Oliveira condiciona a sustentabilidade da ascensão de classe à melhoria do que chama de infraestrutura social: educação, saúde, saneamento básico e segurança:
— Precisamos de foco na eficiência e na qualidade da infraestrutura social para obter resultados melhores do que as projeções. Caso a família perca o plano de saúde e a possibilidade de manter o filho em escola particular, poderia encontrar bons hospitais públicos. Um grande investimento nessas áreas pode fazer a diferença e criar ascensão social mais lenta. Com isso, não ocorreriam grandes movimentos de consumo ou euforia, mas a construção de uma nação mais igualitária.

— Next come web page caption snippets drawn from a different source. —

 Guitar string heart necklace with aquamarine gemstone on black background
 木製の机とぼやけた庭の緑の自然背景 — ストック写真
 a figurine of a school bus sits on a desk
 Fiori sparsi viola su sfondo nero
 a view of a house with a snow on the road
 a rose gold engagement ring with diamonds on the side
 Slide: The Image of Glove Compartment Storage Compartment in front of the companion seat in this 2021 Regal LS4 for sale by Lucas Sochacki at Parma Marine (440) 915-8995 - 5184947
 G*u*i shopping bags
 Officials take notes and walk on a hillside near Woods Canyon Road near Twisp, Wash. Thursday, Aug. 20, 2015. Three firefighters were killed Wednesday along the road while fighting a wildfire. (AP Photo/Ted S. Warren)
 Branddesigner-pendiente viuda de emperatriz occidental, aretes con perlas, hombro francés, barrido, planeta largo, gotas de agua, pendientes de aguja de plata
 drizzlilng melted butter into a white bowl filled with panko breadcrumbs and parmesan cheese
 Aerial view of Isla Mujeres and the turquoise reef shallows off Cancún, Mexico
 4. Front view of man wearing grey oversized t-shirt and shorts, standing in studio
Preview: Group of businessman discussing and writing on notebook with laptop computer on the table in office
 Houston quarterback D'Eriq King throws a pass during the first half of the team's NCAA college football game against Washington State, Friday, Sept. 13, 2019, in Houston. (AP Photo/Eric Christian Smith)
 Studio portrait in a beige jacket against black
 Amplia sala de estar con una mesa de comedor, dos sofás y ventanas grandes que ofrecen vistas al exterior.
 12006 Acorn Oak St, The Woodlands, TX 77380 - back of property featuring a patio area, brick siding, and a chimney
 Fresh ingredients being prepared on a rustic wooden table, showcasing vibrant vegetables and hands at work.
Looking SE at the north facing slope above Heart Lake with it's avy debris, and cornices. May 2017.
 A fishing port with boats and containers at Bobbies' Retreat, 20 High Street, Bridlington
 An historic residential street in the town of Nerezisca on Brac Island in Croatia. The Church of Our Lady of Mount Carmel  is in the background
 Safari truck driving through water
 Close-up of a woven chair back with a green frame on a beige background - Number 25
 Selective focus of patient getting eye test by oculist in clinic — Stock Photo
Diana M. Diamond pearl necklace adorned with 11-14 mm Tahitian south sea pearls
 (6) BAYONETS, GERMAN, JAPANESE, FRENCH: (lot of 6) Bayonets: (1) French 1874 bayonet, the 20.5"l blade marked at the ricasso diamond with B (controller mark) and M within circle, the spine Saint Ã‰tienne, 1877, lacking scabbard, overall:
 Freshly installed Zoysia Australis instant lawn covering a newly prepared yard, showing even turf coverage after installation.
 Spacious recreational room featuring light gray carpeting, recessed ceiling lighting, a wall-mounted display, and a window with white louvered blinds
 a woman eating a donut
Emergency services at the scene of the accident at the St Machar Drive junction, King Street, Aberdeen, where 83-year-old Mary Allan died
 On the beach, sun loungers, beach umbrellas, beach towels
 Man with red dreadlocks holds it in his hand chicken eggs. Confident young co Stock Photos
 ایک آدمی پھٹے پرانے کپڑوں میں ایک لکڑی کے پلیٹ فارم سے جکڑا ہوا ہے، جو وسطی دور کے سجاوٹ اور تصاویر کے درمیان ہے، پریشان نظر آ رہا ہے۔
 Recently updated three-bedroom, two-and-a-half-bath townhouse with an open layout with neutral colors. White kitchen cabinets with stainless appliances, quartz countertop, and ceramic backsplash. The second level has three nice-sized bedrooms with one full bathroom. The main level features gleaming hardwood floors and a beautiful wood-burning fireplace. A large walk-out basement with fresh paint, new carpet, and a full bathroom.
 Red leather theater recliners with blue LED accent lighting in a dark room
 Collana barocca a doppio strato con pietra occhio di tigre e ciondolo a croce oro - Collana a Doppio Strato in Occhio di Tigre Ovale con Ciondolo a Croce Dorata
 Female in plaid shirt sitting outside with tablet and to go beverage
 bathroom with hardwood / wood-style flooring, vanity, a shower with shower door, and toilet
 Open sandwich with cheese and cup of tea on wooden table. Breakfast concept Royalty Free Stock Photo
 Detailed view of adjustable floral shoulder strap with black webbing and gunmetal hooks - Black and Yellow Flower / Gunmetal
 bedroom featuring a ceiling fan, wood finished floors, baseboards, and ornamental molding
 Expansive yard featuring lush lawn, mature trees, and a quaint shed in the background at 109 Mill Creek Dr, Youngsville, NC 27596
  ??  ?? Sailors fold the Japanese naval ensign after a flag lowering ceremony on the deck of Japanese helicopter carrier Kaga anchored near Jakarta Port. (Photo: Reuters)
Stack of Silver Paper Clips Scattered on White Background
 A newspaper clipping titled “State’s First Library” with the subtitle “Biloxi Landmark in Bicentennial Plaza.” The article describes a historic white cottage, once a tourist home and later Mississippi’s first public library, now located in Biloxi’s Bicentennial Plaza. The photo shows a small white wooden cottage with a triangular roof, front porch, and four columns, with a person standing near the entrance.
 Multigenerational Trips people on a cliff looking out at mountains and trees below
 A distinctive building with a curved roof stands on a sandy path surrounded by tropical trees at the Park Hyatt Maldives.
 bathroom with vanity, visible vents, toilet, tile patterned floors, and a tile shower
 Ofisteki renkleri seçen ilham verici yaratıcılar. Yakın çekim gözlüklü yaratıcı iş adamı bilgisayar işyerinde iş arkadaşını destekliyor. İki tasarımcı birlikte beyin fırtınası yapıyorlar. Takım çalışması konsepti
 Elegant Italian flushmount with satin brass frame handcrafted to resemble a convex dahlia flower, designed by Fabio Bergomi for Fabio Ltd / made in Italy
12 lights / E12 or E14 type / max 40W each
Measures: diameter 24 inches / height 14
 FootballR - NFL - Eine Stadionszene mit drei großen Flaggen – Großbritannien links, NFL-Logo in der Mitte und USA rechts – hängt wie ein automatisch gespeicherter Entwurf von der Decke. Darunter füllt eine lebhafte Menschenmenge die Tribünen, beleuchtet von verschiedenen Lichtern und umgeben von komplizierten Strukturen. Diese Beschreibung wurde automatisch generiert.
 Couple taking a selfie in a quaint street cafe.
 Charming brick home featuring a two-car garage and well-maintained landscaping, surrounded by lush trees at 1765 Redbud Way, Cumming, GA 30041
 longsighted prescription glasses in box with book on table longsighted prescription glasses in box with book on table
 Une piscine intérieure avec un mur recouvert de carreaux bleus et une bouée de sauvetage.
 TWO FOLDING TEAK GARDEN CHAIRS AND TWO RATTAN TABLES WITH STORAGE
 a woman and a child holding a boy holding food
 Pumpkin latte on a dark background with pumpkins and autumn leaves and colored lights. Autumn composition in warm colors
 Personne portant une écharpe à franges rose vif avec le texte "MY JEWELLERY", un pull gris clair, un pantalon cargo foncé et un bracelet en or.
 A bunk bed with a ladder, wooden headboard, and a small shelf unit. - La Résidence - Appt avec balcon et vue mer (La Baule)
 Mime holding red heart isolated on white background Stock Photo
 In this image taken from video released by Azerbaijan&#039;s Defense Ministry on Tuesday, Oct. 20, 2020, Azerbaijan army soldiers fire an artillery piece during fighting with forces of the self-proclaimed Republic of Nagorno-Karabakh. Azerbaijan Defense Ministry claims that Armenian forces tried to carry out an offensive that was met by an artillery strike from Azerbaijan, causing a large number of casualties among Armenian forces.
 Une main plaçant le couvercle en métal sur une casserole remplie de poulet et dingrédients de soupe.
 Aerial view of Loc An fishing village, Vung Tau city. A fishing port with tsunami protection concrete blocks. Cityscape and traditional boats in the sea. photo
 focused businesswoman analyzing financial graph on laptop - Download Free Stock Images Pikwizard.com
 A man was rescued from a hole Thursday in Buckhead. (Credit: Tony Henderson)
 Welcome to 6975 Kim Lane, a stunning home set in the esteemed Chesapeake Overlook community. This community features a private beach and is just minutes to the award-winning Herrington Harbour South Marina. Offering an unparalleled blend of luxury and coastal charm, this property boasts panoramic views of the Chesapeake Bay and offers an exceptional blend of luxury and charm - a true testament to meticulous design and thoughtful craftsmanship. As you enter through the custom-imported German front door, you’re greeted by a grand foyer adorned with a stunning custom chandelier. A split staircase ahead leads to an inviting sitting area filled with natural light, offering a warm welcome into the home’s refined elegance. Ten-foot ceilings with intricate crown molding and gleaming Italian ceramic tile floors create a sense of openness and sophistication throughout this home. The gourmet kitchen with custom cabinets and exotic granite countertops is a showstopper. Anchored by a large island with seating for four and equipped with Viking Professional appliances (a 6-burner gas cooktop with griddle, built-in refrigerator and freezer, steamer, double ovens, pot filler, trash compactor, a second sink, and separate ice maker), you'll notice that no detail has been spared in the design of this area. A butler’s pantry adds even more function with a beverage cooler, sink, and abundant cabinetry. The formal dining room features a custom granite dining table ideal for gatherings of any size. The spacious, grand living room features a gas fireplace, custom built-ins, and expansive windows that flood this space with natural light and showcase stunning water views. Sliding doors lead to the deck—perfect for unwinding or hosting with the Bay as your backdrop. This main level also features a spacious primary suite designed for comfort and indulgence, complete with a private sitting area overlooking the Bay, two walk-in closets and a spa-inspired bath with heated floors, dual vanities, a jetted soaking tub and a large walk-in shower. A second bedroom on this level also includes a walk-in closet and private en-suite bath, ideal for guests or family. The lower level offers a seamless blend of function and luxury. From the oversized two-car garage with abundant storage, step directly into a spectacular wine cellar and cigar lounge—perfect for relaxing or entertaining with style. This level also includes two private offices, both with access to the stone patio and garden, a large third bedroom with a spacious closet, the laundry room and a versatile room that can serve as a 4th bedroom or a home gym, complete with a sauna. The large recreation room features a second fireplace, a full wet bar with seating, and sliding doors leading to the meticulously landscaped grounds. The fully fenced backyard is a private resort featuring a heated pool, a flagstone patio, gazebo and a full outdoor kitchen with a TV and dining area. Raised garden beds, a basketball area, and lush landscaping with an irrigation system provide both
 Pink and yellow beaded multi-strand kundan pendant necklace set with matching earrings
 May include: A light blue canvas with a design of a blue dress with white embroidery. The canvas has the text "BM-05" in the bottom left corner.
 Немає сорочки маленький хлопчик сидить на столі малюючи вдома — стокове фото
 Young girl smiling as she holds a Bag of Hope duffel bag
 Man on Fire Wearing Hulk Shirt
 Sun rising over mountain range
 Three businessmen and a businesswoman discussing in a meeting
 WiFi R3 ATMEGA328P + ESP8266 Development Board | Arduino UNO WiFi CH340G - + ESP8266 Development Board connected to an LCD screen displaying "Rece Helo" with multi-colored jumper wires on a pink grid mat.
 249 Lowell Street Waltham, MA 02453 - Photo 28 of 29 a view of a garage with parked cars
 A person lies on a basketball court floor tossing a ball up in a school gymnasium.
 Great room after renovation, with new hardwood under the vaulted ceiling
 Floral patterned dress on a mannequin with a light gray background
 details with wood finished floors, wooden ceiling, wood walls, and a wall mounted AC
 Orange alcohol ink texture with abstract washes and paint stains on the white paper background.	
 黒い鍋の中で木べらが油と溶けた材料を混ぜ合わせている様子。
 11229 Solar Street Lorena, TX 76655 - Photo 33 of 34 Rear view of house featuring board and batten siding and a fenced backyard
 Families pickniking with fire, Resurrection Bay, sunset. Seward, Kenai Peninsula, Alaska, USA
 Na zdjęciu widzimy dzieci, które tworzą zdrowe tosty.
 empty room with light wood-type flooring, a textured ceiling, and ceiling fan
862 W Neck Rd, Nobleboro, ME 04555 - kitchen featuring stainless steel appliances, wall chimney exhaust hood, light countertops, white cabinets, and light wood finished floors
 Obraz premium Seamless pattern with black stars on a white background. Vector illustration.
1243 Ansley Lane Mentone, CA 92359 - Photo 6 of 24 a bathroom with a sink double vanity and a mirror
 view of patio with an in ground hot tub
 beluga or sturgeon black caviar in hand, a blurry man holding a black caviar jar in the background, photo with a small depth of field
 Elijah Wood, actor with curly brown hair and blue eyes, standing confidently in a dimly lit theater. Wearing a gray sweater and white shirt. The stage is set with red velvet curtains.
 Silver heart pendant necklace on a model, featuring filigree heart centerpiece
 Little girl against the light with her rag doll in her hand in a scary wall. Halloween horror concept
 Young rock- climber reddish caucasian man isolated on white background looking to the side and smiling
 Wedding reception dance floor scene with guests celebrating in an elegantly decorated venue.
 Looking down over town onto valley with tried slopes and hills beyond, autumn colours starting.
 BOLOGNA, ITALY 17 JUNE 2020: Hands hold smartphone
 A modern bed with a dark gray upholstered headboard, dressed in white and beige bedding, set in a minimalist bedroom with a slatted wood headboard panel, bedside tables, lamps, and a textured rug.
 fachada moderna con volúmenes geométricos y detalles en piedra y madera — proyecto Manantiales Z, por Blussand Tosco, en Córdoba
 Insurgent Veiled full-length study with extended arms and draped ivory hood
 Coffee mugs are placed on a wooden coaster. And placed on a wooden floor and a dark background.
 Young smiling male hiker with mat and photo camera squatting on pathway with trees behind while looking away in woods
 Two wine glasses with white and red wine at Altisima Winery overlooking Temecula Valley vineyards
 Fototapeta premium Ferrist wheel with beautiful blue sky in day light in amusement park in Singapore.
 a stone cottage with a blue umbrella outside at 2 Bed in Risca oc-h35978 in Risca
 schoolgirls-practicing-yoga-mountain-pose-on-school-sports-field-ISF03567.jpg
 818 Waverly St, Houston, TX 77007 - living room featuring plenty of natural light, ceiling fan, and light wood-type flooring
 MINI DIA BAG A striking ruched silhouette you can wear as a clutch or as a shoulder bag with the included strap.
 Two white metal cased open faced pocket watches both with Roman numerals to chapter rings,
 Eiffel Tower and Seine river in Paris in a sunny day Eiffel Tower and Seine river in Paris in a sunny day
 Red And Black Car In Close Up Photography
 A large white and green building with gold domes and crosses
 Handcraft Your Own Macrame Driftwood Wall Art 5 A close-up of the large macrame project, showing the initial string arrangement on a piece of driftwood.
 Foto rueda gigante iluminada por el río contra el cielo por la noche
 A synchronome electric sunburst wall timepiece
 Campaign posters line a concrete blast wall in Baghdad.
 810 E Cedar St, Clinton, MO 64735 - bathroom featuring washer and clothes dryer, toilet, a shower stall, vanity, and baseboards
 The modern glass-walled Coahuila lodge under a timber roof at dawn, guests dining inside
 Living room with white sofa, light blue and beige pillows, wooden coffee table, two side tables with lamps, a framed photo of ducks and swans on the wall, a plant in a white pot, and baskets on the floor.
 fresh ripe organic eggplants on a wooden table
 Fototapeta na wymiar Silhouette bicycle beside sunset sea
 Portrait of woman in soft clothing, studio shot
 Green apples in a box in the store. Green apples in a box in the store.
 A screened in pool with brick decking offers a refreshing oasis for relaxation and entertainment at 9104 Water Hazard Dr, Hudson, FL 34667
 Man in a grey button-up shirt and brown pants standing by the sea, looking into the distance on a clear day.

Enquanto a realidade se mostra menos acolhedora, as pessoas se adaptam como podem: topam ganhar menos, fazem trabalhos temporários, dirigem Uber ou trabalham por conta própria, lista Foguel:
— Elas aceitam para se defender, mas acabam contribuindo para piorar a renda.
Glória está desempregada há três anos. Reclama que o mercado é cruel com quem tem mais de 40 anos e três filhos. Desde então, a técnica em TI só conseguiu um trabalho temporário de três meses, durante os Jogos Olímpicos. Comemorou como se fosse promoção:
— Trabalho desde os 15 anos. É muito difícil ser só dona de casa. Cansa. Mexe com o emocional. Resolvi aceitar essa oportunidade e invertemos os papéis. Foi ótimo. O Anderson cuida das crianças melhor do que eu. É muito rígido com os horários: elas dormiam cedo, só faziam as refeições na mesa, e, antes do meio-dia, o almoço estava pronto.
Glória cansou de procurar emprego. Investiu R$ 400 em equipamentos e montou um salão de beleza em casa, que deve abrir esta semana. Anderson vai usar a experiência na direção para trabalhar como motorista do Uber. Esperam, assim, aumentar a renda da família em, pelo menos, R$ 1.000.